不過工藤應該不具備隨意變大變小的能力。
而且工藤沒什麼理由要殺害武田信一,兩人今天才是第一次見面,沒有沖突的表現。
服部平次眉頭舒展了些。
「除非?除非什麼?」
毛利小五郎盤根究底的問道,目光如炬的盯著服部平次,他非常懷疑這大阪的黑小伙在刻意隱瞞情報,不然不會話說到一半又突然停了。
服部平次打了個哈哈,微笑道︰「沒什麼。」
滿臉懷疑的毛利小五郎走到服部平次面前,虎視眈眈道︰「真的?」
服部平次額頭冒出細密汗珠,眼珠子急轉。
毛利小五郎猛地一拍手掌,興奮道︰「我懂了,凶手可能會縮骨功或柔身術,能縮小骨與骨之間的縫隙,讓骨骼更加緊密的排列在體內,這樣一來便可以通過氣窗了。」
「還有將瑜伽術煉至大成的人,也可以做到!」
「我曾經听朋友說,外國有位瑜伽高手雙手雙腳都被綁匪綁住了,但他還是緊縮骨頭,將雙手伸出繩索外,而後解開繩索,最終還報警將綁匪成功抓住!」
「一定是這樣沒錯!」
毛利小五郎胸有成竹的說道,目光移到武田陽子身上,在他眼里,此人很可疑。
因為女人為了美麗什麼都做得出,比如冒著可能會失去生命、毀容或失敗後智力變為一歲的巨大風險去整容,還有花兩三小時也不覺得費時的去化妝打扮。

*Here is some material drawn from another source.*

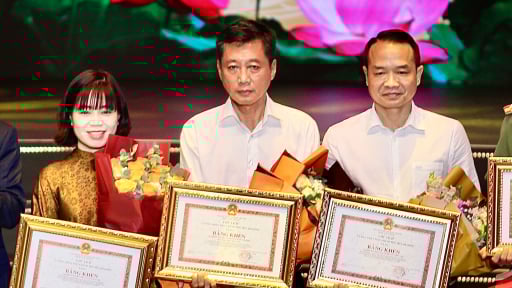 Báo Nông Thôn Ngày Nay nhận bằng khen của UBND TP.HCM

況且瑜伽不僅可以減少身體多余脂肪,有效減肥,還可以讓身體曲線更加誘人,使腰部愈加柔軟有力,雙腿更加修長有型••••••
少婦武田陽子有些忐忑的問道︰「毛利先生,你為什麼一直看著我?」
毛利小五郎咳嗽兩聲,臉色嚴肅道︰「武田陽子小姐,請問你是否對你大哥武田信一先生有不滿之處?還有,你是否曾經練過瑜伽之類的柔術?」
武田陽子這下懂了,性格柔和的她搖頭道︰「我不會柔術,我和大哥也沒發生過矛盾。」
武田龍二臉色微變,說起來,自己和大哥才是有怨的。
毛利小五郎追問道︰「听說武田信一先生做的傀儡木偶一個就要賣一百萬,光修理費就收六七十萬,但你大哥只把技巧教給武田勇三先生,難道你不怨恨嗎?」
武田陽子連連搖頭否認道︰「毛利先生,我老公是制紙公司的高級經理,收入也很高,對制造木偶沒有興趣,我當然也不會有怨言。」
毛利小五郎看向武田勇三。
武田勇三不假思索的點了點頭。
這時,武田信一、武田龍二和武田勇三三人的母親武田智惠出現在門邊,身材矮小滿臉皺紋的她背負雙手,聲音蒼老道︰「這是蜘蛛仙在作祟,報復信一這孩子推倒祂的祠堂,還蓋了倉庫!」
毛利小五郎立刻想起蜘蛛仙傳說,半信半疑道︰「這倉庫不是數年前起的嗎?怎麼現在才報復?」
武田智惠深信不疑道︰「蜘蛛仙先是吊死美沙這孩子,然後吊死娟代,這樣一來,信一就成了無妻無女,沒了另一半,也沒有給他養老送終的可憐人。」
「但是,信一這孩子仍然不知悔改,沒有重建蜘蛛仙祠堂!」
「所以蜘蛛仙就殺了他的合作伙伴根岸明雄,最後才吊死信一,讓他絕望死去。」
武田智惠眼中流出惋惜,這可是自己孩子啊。
柯南嘴角狠狠抽搐數下,心道︰你這編故事的能力也挺強的,這都能被你扯到一塊去。
毛利蘭和遠山和葉可不是柯南這種堅定的無神論者,她倆十指交叉,肩膀貼著肩膀,澄澈的雙眸都透出無法抑制的恐懼之色,身體瑟瑟發抖,唯恐自己會是被殃及的池魚。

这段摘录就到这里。